Inside the picoammeter

There are several implementation details with such a circuit, mainly the very reason this device was constructed in the first place - almost everything is slightly conductive. Normal PCB material, solder rosin, finger prints and many connector insulations are quite conductive at even the nanoampere level. The capacitor directly in the feedback loop must be very high quality, ideally air, teflon or glass dielectric. I used a polystyrene capacitor which I tested using the op-amp for leakage. It was difficult to tell if it was leaking more than the reed relay I used to reset the test circuit, so I considered it good enough for the application. The connection to the op-amp input pin is made in mid-air, no PCB is used and everything was cleaned with isopropanol and dried with the heat gun to minimise leakage. The cheap BNC connector is probably the leakiest thing in the circuit. During testing I shed an eyelash onto the project and its leakage railed the op-amp - keep everything clean! The only other special component is the 1 Giga Ohm resistor. I ordered several some time ago at moderate expense for just this kind of project. It is probably the most difficult part to source. Shielding is absolutely mandatory for a circuit like this, the input impedance is enormous; electrostatic effects and mains/RFI will swamp your signal unless you use shielding.

As the op-amp can swing about +/- 4 volts the circuit can measure +/- 4000 pA, but the digital LCD module I chose has a bare FSD of 200 mV (limiting us to +/- 200 pA). I did not shunt it to match even 2000 pA direct-read, preferring to keep the 100 fA resolution. I also did not provide a nulling mechanism. The offset of the op-amp is very good but not perfect, I simply subtract (or ignore) the 300-400 "fA" offset.
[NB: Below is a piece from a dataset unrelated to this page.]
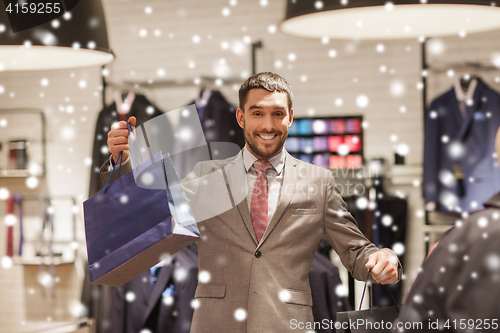 Image of happy man with shopping bags at clothing store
You may wish to implement nulling on yours especially if you add an expanded range amplifier to give 10s of fA or better resolution.

The op-amp input is completely unprotected. I was being lazy, and will no doubt pay for it at some point. You could add a resistor to help protect it, either inside the loop or outside and recompute the V/A. When I blow mine the first time I'll probably add one, so far it has proven quite robust. At the same time I'd probably add a slope-adjustment to allow calibrating out the resistor tolerance for better precision, the resistor is only 5% IIRC. The device is a crude instrument, but it gives me a reasonable way to approximate very large resistances and extremely feeble currents. For more versatility you might want to add switched resistances into the feedback loop to give you other range options. If you put the switching on the low-Z output side as a divider it need not be extremely high quality.

Picoammeter measuring ion chamber current with an Americium source inside

Note that I set mine up to read +ve values for electrons into the connector. This is unconventional. As you can see in the image above a +ve bias on an ion chamber gives a -ve reading on the early prototype. You can swap the differential inputs at the LCD module if you want it to read conventional current. Note also that some LCD modules do not have fully differential inputs with respect to their supply and can not be used without a DC level shifter.